It is hard to comprehend that in little more than half a year we have consumed a full year’s worth of the resources that the earth can generate. It is patently not sustainable. Can it be reversed if we limited our consumption? The answer is certainly yes if we have the will, or if we are forced by circumstances. In 2020, the year of the pandemic, the date did recede – by a good three weeks to 22nd August. 

The passage from Matthew’s gospel asks us if life is more than food and clothes? I wonder what life means for you? 

I wonder what life means for a family dependent on food aid in Afghanistan? I wonder what life means for a family in the UK who is relying on the £20 top up to Universal Credit?I wonder what it means for the person forced to use a food bank? 

The United Nations tells us that the world produces more than enough food to feed the its population, but poverty and other barriers to access leave many people unable to afford or obtain food. Problems with markets forces and distribution networks means that food rots in the field or is otherwise wasted, without reaching the consumer.  There are real problems about poverty and equality and over consumption that arise from our current unsustainable  lifestyles, political policies and business practices.  Sadly even the birds are loosing out. Habitat loss and climate change are both conspiring to limit food and places to nest for many bird species. 

Four times in today’s gospel Jesus says, Do not worry! Worrying does not help. It will neither add an hour to your life nor a inch to your height (translations vary). Instead says Jesus, Strive for the kingdom of God.
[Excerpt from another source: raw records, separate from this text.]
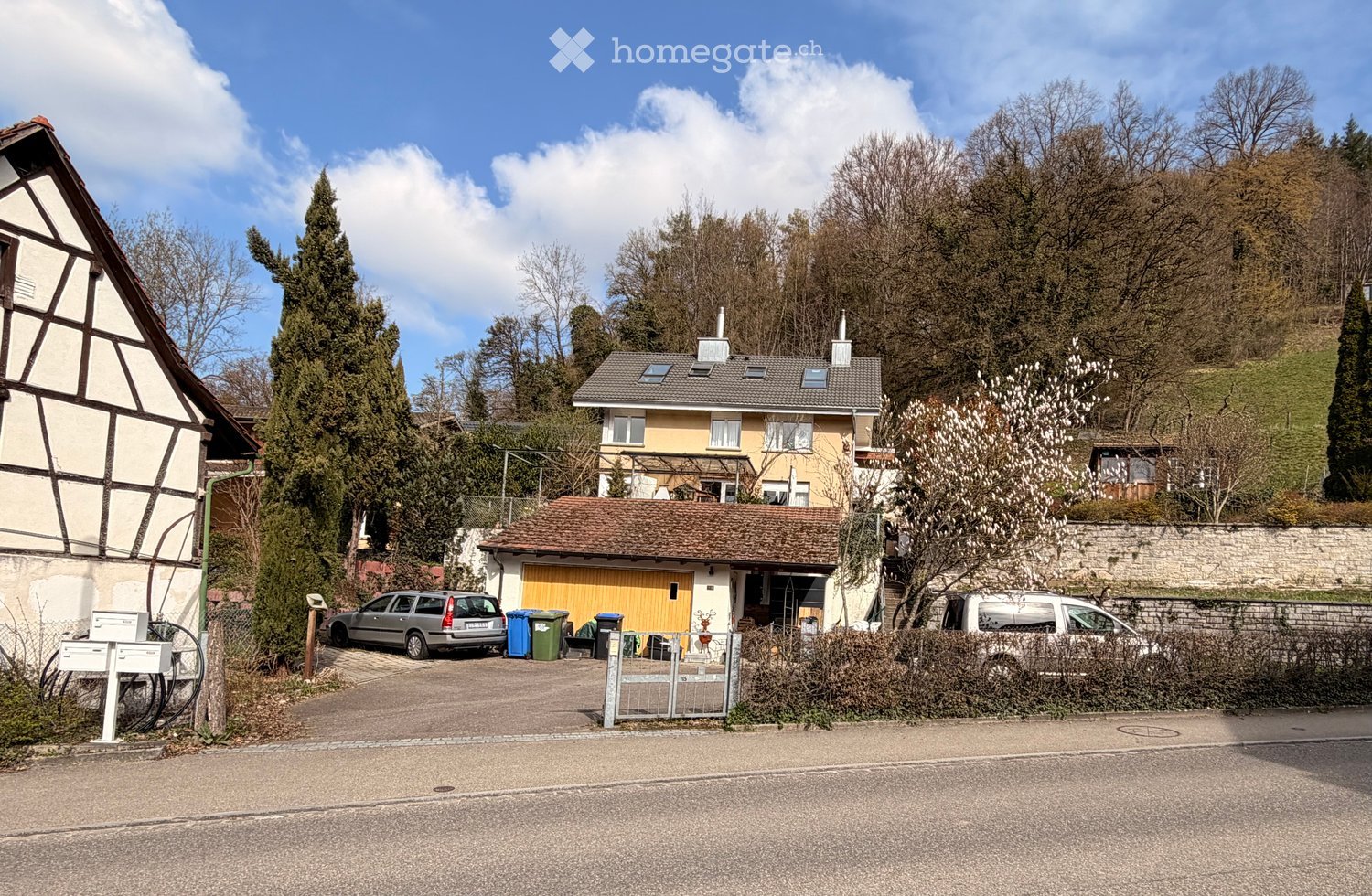 A two-story house with a yellow facade and a tiled roof, situated in a residential area with trees and a clear blue sky. The house features a garage with a wooden door and a driveway with parked cars.
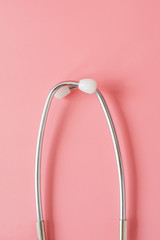 Stethoscope on pink background.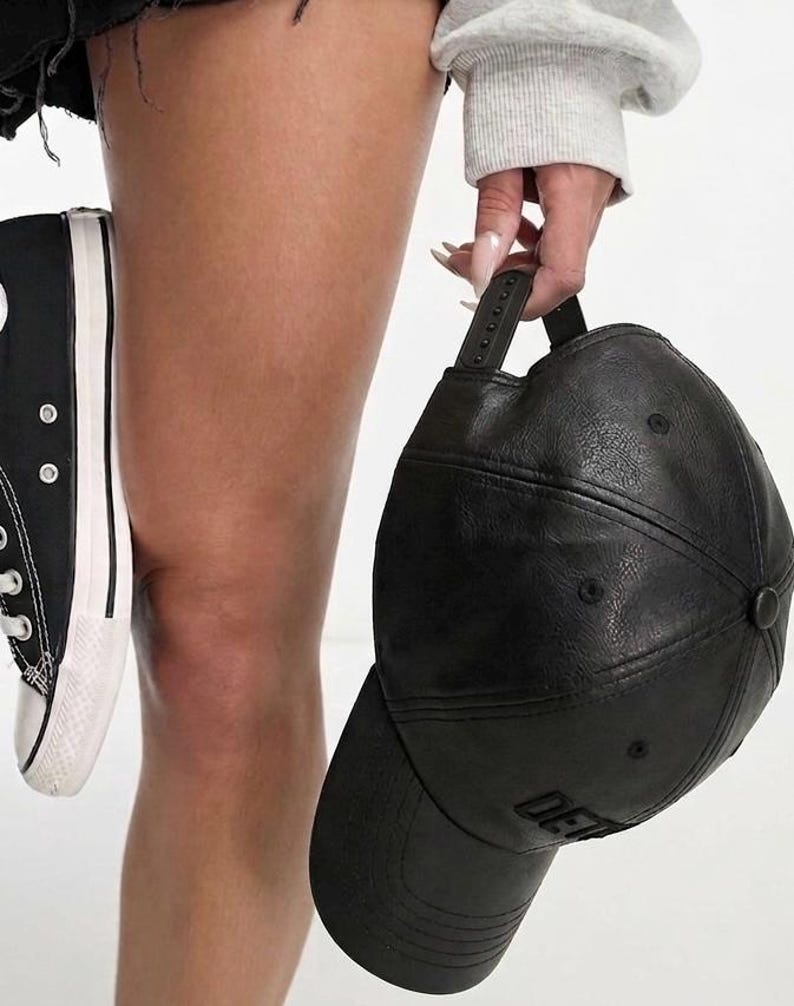 K&ouml;nnte beinhalten: Schwarze Baseballkappe mit gebogenem Schirm und verstellbarem Riemen. Die Kappe hat eine strukturierte Optik und das Wort "DE" ist auf der Vorderseite zu sehen. Ein schwarzer und wei&szlig;er Canvas-Sneaker ist ebenfalls im Bild.
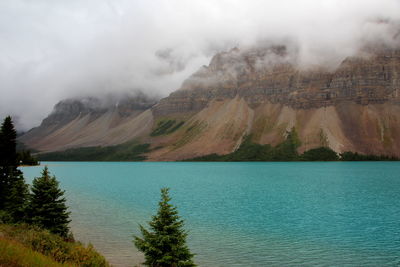 Scenic view of lake by mountains against sky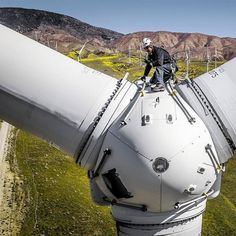 a man standing on top of a wind turbine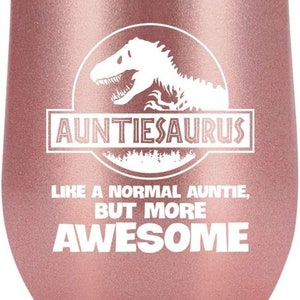May include: A rose gold stainless steel wine tumbler with a white dinosaur graphic and the text "Auntiesaurus Like a normal auntie, but more awesome".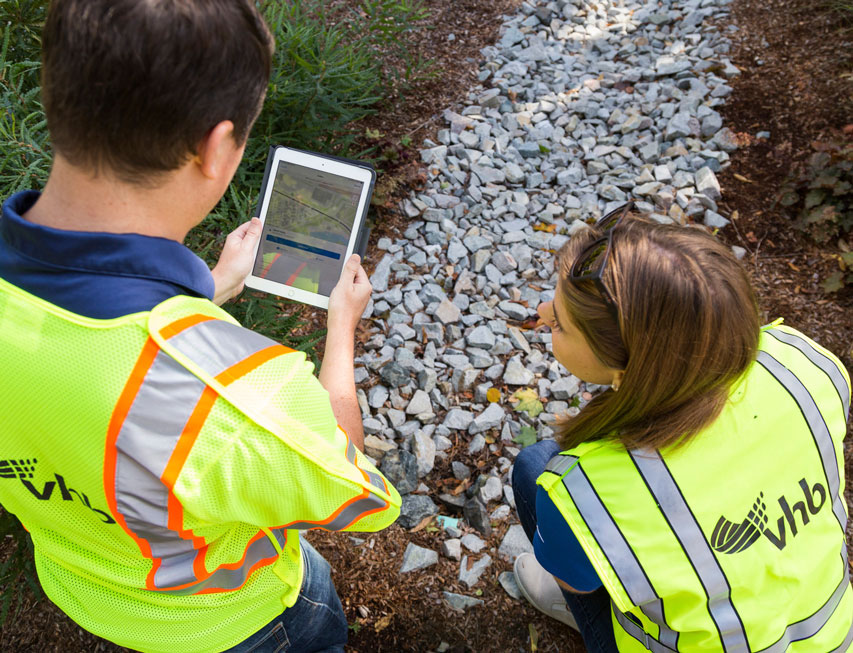 Two water resource engineers collect data in the field. 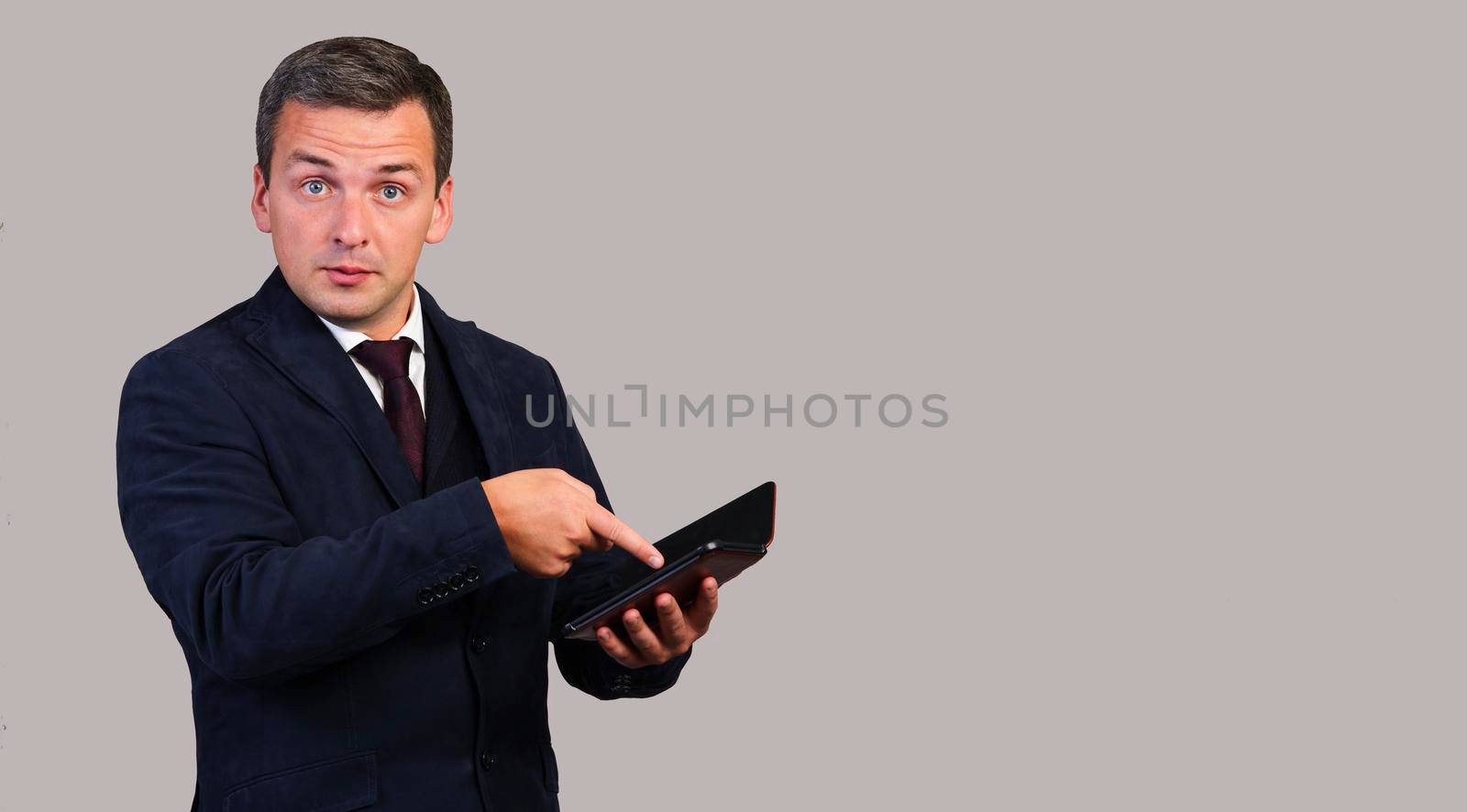 A handsome man in a blue jacket with a tie with an e-book in his hands points to her with his index finger on a yellow background.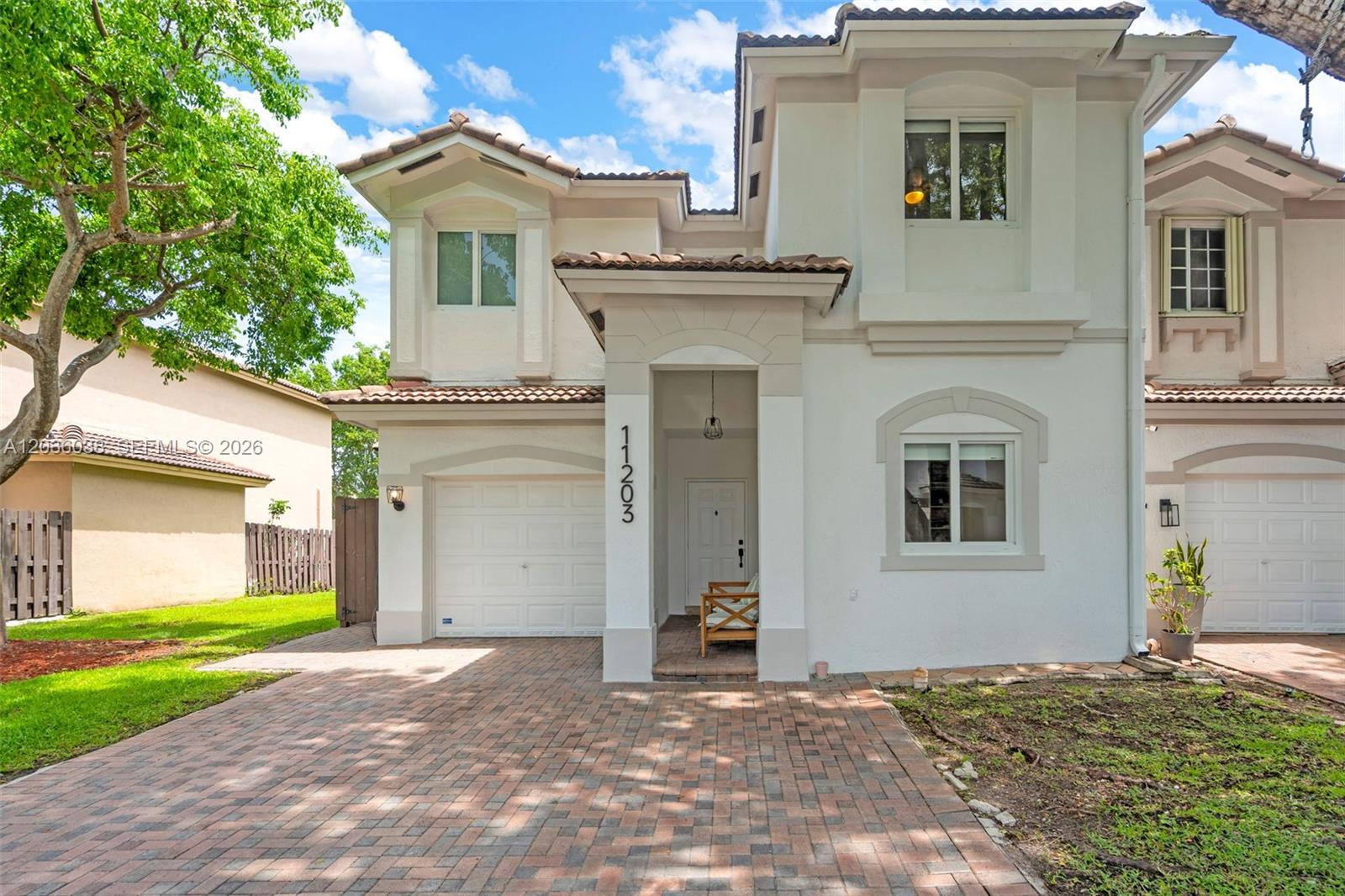 A two-story stucco house features a brick driveway, a single-car garage, and a covered entryway — 11203 NW 73rd Ter, Doral FL 33178, DORAL, FL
If we live according to God’s ways, if we can bring God’s rules into play, if we can establish heaven on earth, then will everyone have food and clothes and all the necessities of life. The we will fairly share the earth’s resources, not plundering them but sustaining them. 

Let’s spend some time this week considering what we eat, the clothes we wear, the resources we use. Are they sustainable, do they prejudice the access of others to their fair share? Does our lifestyle meet God’s injunction that we should tend and care for the earth? Does it meet God’s injunction that we should love our neighbour as ourself? Does it meet the command that we should with all our being love God?

Sunday Reflection

12th September 2021, Creationtide

Genesis 2: 4-7, 15-24; 1 John 1:1-4; John 2:1-11

Reflection

Christ Church is observing the Sunday between 1st September and 4th October as Creationtide and so is using a different set of readings for these Sundays. According to the Cambridge Dictionary creation is ‘the act or process of making, producing, or building something, or something that has been made, built, or produced’. It is a word that means both process and the result. God, in giving us the gift of creation, gives us something that both is, and is on going. God invites us to value and participate both in the existence of creation and in the process of creation. 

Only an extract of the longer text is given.